Des journalistes en poste dans la région de Ziguinchor (sud), où l’information est souvent jugée sensible en raison du conflit en Casamance, ont dit à l’APS être préoccupés par l’équilibre à préserver entre le droit à la libre expression et le devoir de défendre l’"intérêt national".
Papo Mané, le représentant à Ziguinchor du groupe Walfadjri depuis plusieurs années, estime que le "caractère sensible" de l’information liée au conflit rend difficile le travail journalistique, dans cette région. "Nous sommes toujours partagés entre le devoir d’informer et les impératifs de sécurité (…) même si la situation est devenue positive avec l’accalmie" constatée en Casamance depuis quelques années, a témoigné Mané.
Le directeur de la radio Zig FM, Ibrahima Gassama, juge qu’"il est nécessaire de recentrer le travail journalistique" en raison de la stabilisation de la zone. "L’accalmie est bien là parce que les belligérants se sont tous mis d’accord sur l’utilité du dialogue, même si la question de savoir comment dialoguer les divise encore", a expliqué Gassama.
Il constate que les médias sont "très surveillés" en Casamance et se trouvent entre "l’enclume des bandes armées et le marteau de l’armée".
Ibrahima Gassama fait remarquer que "le reproche qui est fait à la presse est de toujours mettre le curseur sur l’horreur et le sensationnel, d’où cette nécessité de recentrer le travail", en libérant la parole.
Mamadou Alpha Diallo, le correspondant à Ziguinchor du quotidien Direct Info, pense que "la nature du conflit et les subtilités à gérer font que l’accès à l’information est souvent un casse-tête" pour les journalistes en poste dans cette région.
"Plus que la passion du métier de journaliste et le droit d’informer, il y a toujours l’intérêt supérieur de la nation qui prime sur tout le reste (…) Il nous arrive souvent, par patriotisme, de nous autocensurer pour ne pas remettre en cause l’accalmie", a signalé Diallo.
Son confrère du quotidien Enquête, Hubert Sagna, trouve que le "caractère sensible" de l’information en Casamance est en train de se dissiper. "Il y a vraiment la liberté de la presse en Casamance.
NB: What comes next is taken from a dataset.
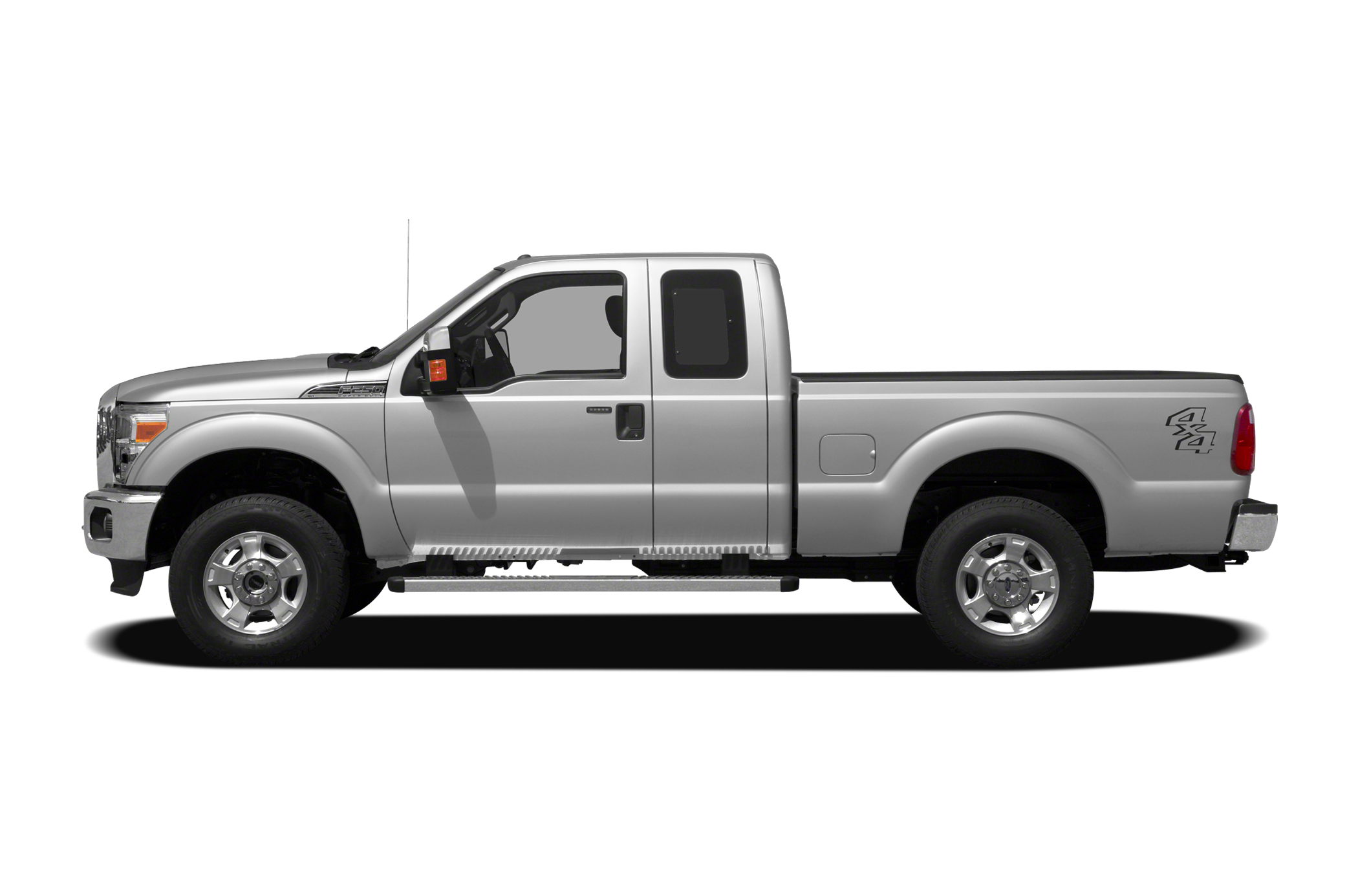 2011 Ford F-250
On n’a jamais eu de cas inquiétant dans le cadre de notre travail", a reconnu Sagna, ajoutant : "Certainement, par le passé, des confrères ont connu des menaces…"
Ignace Ndey, le chef de l’antenne de Sud FM à Ziguinchor, parle surtout de "complexité du travail journalistique" en Casamance, en estimant qu’elle est conséquence de la "multiplicité des acteurs" du conflit.
"Bien sûr, la liberté de presse est là, dans la mesure où on peut traiter maintenant les informations sans entrave. Mais cette liberté est relative. Chez les bandes armées, il y a souvent des problèmes internes, qui se conjuguent avec le silence de l’armée, sans compter les multiples acteurs de la société civile, qui ont des intérêts à préserver", a analysé Ndey, trouvé dans son bureau en train de coordonner la couverture du jour de l’antenne régionale de Sud FM.
Certains journalistes jugent que la "complexité" du métier de journaliste en Casamance est la conséquence des faibles moyens des médias. C’est le cas de Mamadou Alpha Diallo. "Quand il y a une information à vérifier, nous n’avons même pas de mobylette pour nous déplacer et la vérifier. Nous n’avons pas assez de moyens pour faire correctement notre travail. A cause de cette situation, l’information est parfois biaisée", a souligné Diallo.
"Les sources sont rarement identifiables, faute de moyens d’aller à leur rencontre", a-t-il déploré.
L’ancienne région de Casamance a été scindée en deux dans les années 1980, Kolda et Ziguinchor, puis en trois, avec la création de la région de Sédhiou en 2008.
Depuis 1982, elle est le théâtre d’affrontements sanglants entre l’armée et les indépendantistes du Mouvement des forces démocratiques de Casamance.
Depuis deux ou trois ans, les trois régions connaissent un regain de stabilité, les affrontements entre les belligérants étant de plus en plus rares.